## Information supplied
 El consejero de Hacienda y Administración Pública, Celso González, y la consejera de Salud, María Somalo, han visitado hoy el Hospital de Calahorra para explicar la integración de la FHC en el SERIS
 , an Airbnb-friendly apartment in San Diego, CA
* * *
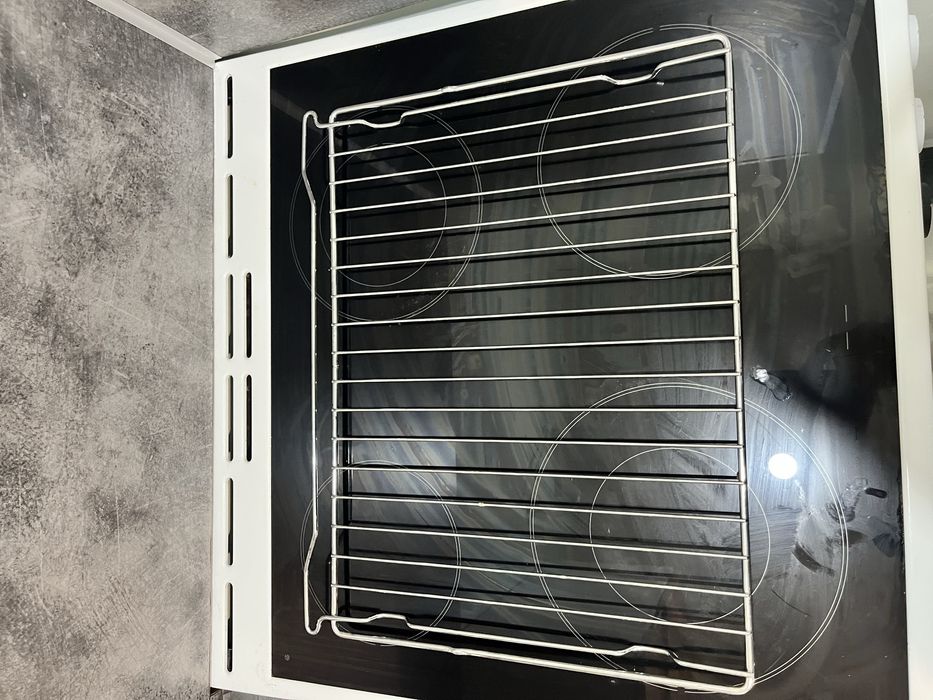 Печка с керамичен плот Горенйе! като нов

## Task item
Write out, from the lines above, only those from the line with "El consejero de" to the line with "San Diego, CA", exactly as given, including the first and the last.

## Answer for the task
 El consejero de Hacienda y Administración Pública, Celso González, y la consejera de Salud, María Somalo, han visitado hoy el Hospital de Calahorra para explicar la integración de la FHC en el SERIS
 , an Airbnb-friendly apartment in San Diego, CA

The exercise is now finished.